EXERCISE DETAILS –
Go through the entries and copy each one exactly. Leave none out.

[INPUT DATA]

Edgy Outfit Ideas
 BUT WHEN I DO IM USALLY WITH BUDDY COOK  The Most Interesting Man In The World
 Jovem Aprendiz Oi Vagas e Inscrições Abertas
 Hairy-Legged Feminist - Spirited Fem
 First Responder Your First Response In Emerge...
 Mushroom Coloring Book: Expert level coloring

[/INPUT DATA]

RESPONSE TO THE TASK –
Edgy Outfit Ideas
 BUT WHEN I DO IM USALLY WITH BUDDY COOK  The Most Interesting Man In The World
 Jovem Aprendiz Oi Vagas e Inscrições Abertas
 Hairy-Legged Feminist - Spirited Fem
 First Responder Your First Response In Emerge...
 Mushroom Coloring Book: Expert level coloring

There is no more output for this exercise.